• Activity
Reproduce the listing below character for character; drop every image.

• Stored data
════════

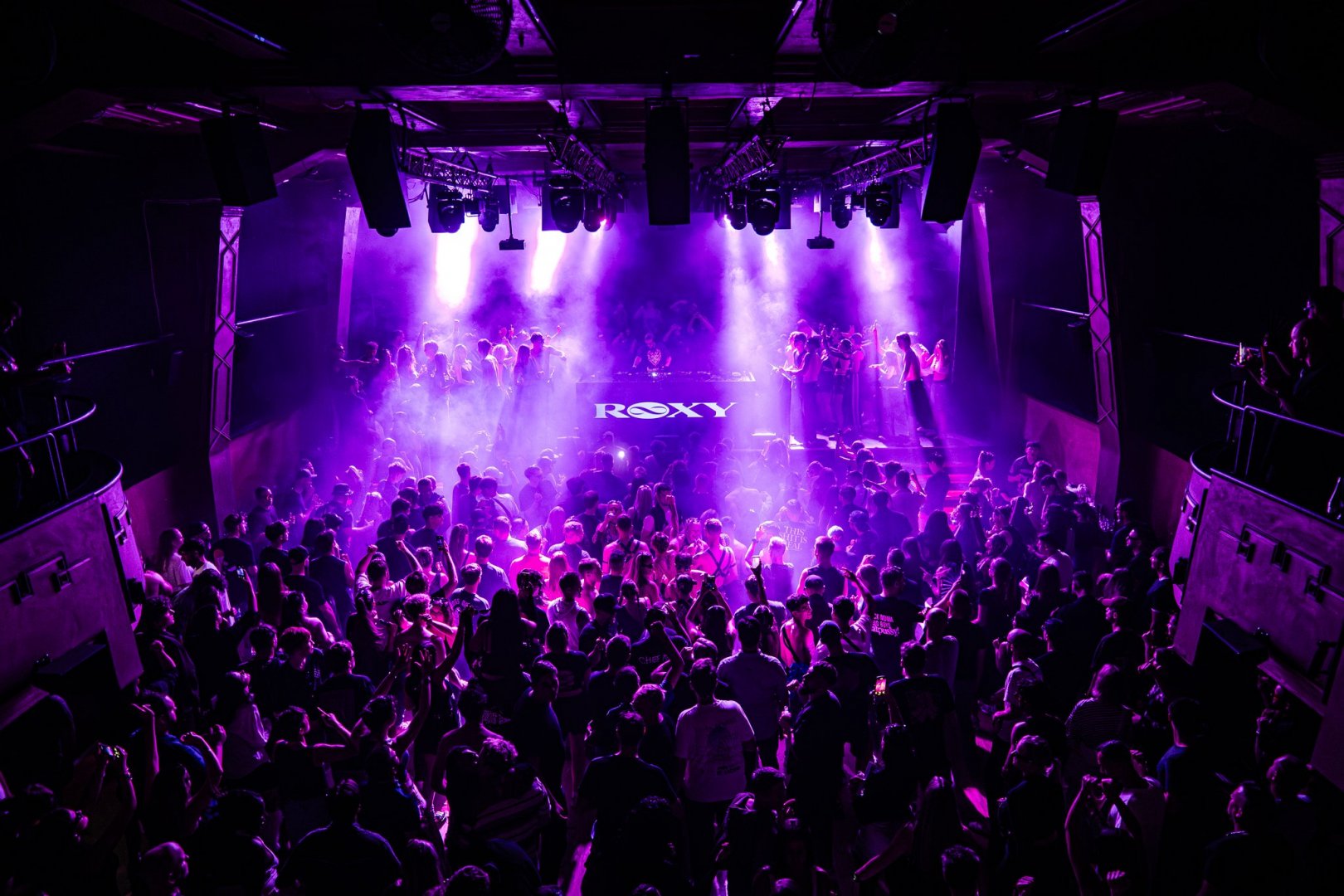 BASSWELL | ROXY Prague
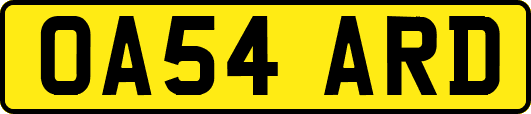 OA54ARD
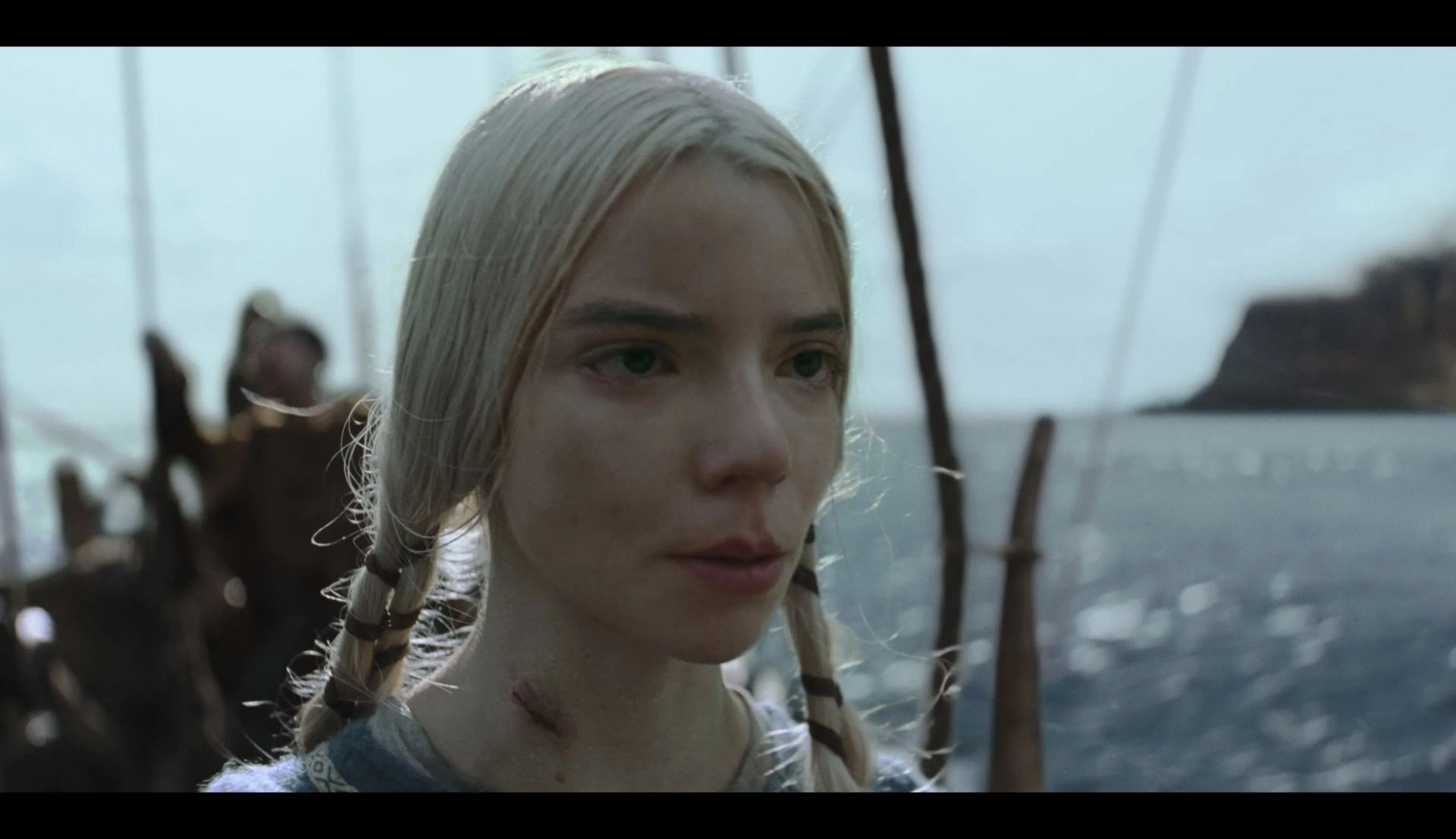 Anya Taylor-Joy in The Northman (2022)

════════

• Answer for this exercise
 BASSWELL | ROXY Prague
 OA54ARD
 Anya Taylor-Joy in The Northman (2022)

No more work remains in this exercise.